Diritti Animali

Nella Città indiana di Puskar

Vitelli massacrati e vacche torturate per compiacere gli dei

28 gennaio 2007
Oscar Grazioli

«Puskar è il confine tra l'islamismo e l'induismo. Vai a ovest, è terra del Corano, a est dei Veda. Le vacche a cinque zampe restano al centro, qui a Puskar, la città del tempio di Brahma». Chi mi scrive è John (nome di fantasia), viaggiatore instancabile, cultore di yoga, arti marziali e tradizioni orientali. Nell'ultimo suo viaggio in Nepal, durato due anni, aveva portato con sè il suo cane che era buono con tutti e leccava affettuosamente vecchi, bambini e malati. Giorno dopo giorno è cominciato il pellegrinaggio, con doni votivi, verso la casa del "cane buono", poi del "cane sacro". Quando John ha dovuto spostarsi dal Nepal all'India gli hanno impedito di portarlo con sè.

«Ora, ti dico come questa storia è iniziata» mi scrive John da un Internet point, stando bene attento a chi allunga il collo dietro le sue spalle. «Era un anno, più o meno, che sapevo questi particolari riguardo alle vacche, ma avevo altre cose per la testa.
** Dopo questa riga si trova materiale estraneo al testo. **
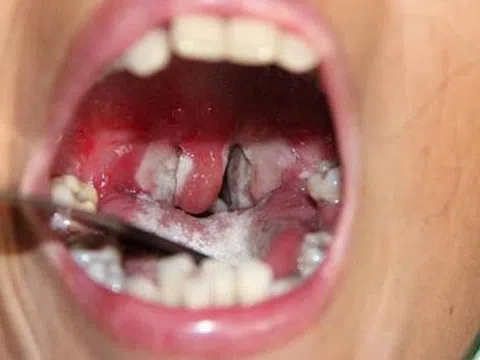 Chăm sóc trẻ bị bệnh bạch hầu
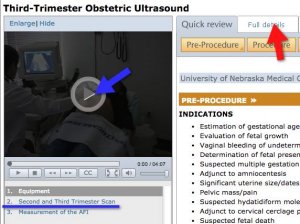 screenshot of ProceduresConsult third trimester obstetric ultrasound window with arrow pointing to Full Details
Circa dieci giorni fa sono uscito dall’hotel, senza nessuna preoccupazione in testa. Andavo a far colazione. Passando vicino alle mucche che sono sempre in strada, una mi ha dato una cornata sulla gamba. Niente di rotto ma un bel male. Che cavolo avevo fatto per ricevere una cornata? Guardo le vacche “bioniche” e improvvisamente realizzo. Scommetto che vi fa male la gamba, come a me. E allora facciamo un patto. Se riesco a mettere a posto la vostra “gamba”, voi non mi incornate più. Le vacche contente hanno accettato e io ho scritto alla persona che ha pensato di mettersi in contatto con te”.

Puskar è una piccola città al centro del Rajastan, il più grande Stato dell’India, che confina a occidente con il Pakistan e ha per capitale Jaipur. Questa cittadina di 15.000 abitanti, che la leggenda vuole fondata da Brama, è famosa perché possiede l’unico tempio consacrato alla divinità, che assieme a Vishnu e Shiva; costituisce la Trimurti induista. Puskar è dunque meta di pellegrinaggio e turismo che alimentano un singolare quanto crudele business, gestito da un popolo del deserto, assieme a una casta che più di Brahma venera il dio danaro. Le vacche bioniche di cui parla John, dovrebbero, come è noto essere sacre. Per aumentarne la sacralità e i poteri magici che emanano, qualche furbastro ha pensato bene di mettere in piedi quest’operazione. Alcune vacche vengono ingravidate. Quando nasce il vitello, viene ucciso e uno dei suoi arti tagliato e poi cucito sulla loro groppa. Quando smettono di sanguinare sono pronte per essere esposte ai “credenti” e ai turisti, che lasciano una manciata di rupie nel barattolo d’oro, tenuto da un pastore all’entrata della cittadina. Queste vacche sono dunque doppiamente sacre, primo perché sono indiane, secondo perché sono un “monstrum”, un evento straordinario e misterioso della natura. Che poi muoiano per le infezioni e il rigetto dell’arto estraneo non le rende meno sacre. S’incarneranno nel corpo di qualche altro animale. “Hi Oscar” mi scrive John, “se fossero sacre avrebbero più mammelle, per avere più latte e due mammelle darebbero il caffè”. Lo immagino sorridere, mentre digita sulla tastiera.

Quando John ha spedito le foto, il gestore dell’Internet point gli ha tolto il saluto e il padrone della “shanti guest house”, che le ha viste, non gli ha più servito il tè. Corre di sicuro qualche rischio l’amico John, ma con le vacche ha fatto un patto. Lui cerca di salvarle dalla tortura e loro non lo incorneranno più. Ti prometto, John, che a Libero faremo il possibile perché tu possa mantenere il patto che ti fa onore.